Although a number of bills are winding through Congress which purport to accomplish election security, none do, including Tulsi Gabbard's Securing America's Elections Act 2018, H.R. 5147, and Jim Sarbanes' (D-MD) H.R. 1, For the People Act.

None of the bills in the US House so far mandate even the most fundamental requirement demanded by citizen activists, voter hand-marked paper ballots, not marked by BMDs, ballot marking devices.

A list of demands for a fair primary process would include:

- First and of bedrock importance, disallow any ballot-marking system but voter hand-marked paper ballots, as the standard for casting votes, of course with exceptions for disability. At the present moment, election departments across the country are updating or getting ready to update the last generation of voting systems, relics of the Help America Vote Act (HAVA) funding cycle. In some states, like Pennsylvania, Texas, Kansas, Ohio, Delaware, New Jersey, and New York, counties are ignoring activists' recommendations. Why they would want to do this does not lead to comforting answers. One development to be especially vigilant against is the use of BMDs, ballot marking devices, except in cases of disability. These are touch-screen devices by which the voter touches a screen to make choices and then the machine prints those choices on a paper ballot. These are inferior to hand-marked paper ballots, because gone are the unique, hand-markings which distinguish each ballot from every other. It would be laborious to make a large number of bogus ballots by hand marking them. But making large numbers of bogus BMD ballots would be easy


- For vote-counting machines, the only acceptable technology is that in which a voter hand-marks a paper ballot (with exceptions for disability,) and then feeds it into the kind of optical scan device which generates a digital image of each ballot, and then stores it in memory. These are already in use in over sixty percent of US counties. The images should be posted on the Internet or made available on a DVD for any citizen to recount. In the event that there are significant discrepancies with the official vote count, that is the signal for a court to order a hand recount of the paper ballots. At the forefront of efforts to make these images public record are citizen's groups like Audit USA, and citizen activists like Bev Harris, John Brakey, Harvey Wasserman, and Bob Fitrakis.

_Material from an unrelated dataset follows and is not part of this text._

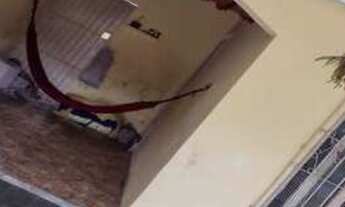 Imagem 7: SAO JOSE DOS CAMPOS - Residential / Home - RESIDENCIAL MORUMBI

Secure, transparent, and verifiable elections are within reach. But Americans need to fight for them. Activist for Audit Elections USA John Brakey, in the thick of filing lawsuits against election departments in order to force them to preserve ballot images, argues that elections are controlled at a higher level than anyone ever imaged. Referring to the DNC's voter database which can be used to hack voter registrations and wreak havoc on a particular candidate's supporters, Brakey says:

"They know what magazines you read. They know if you like anchovies."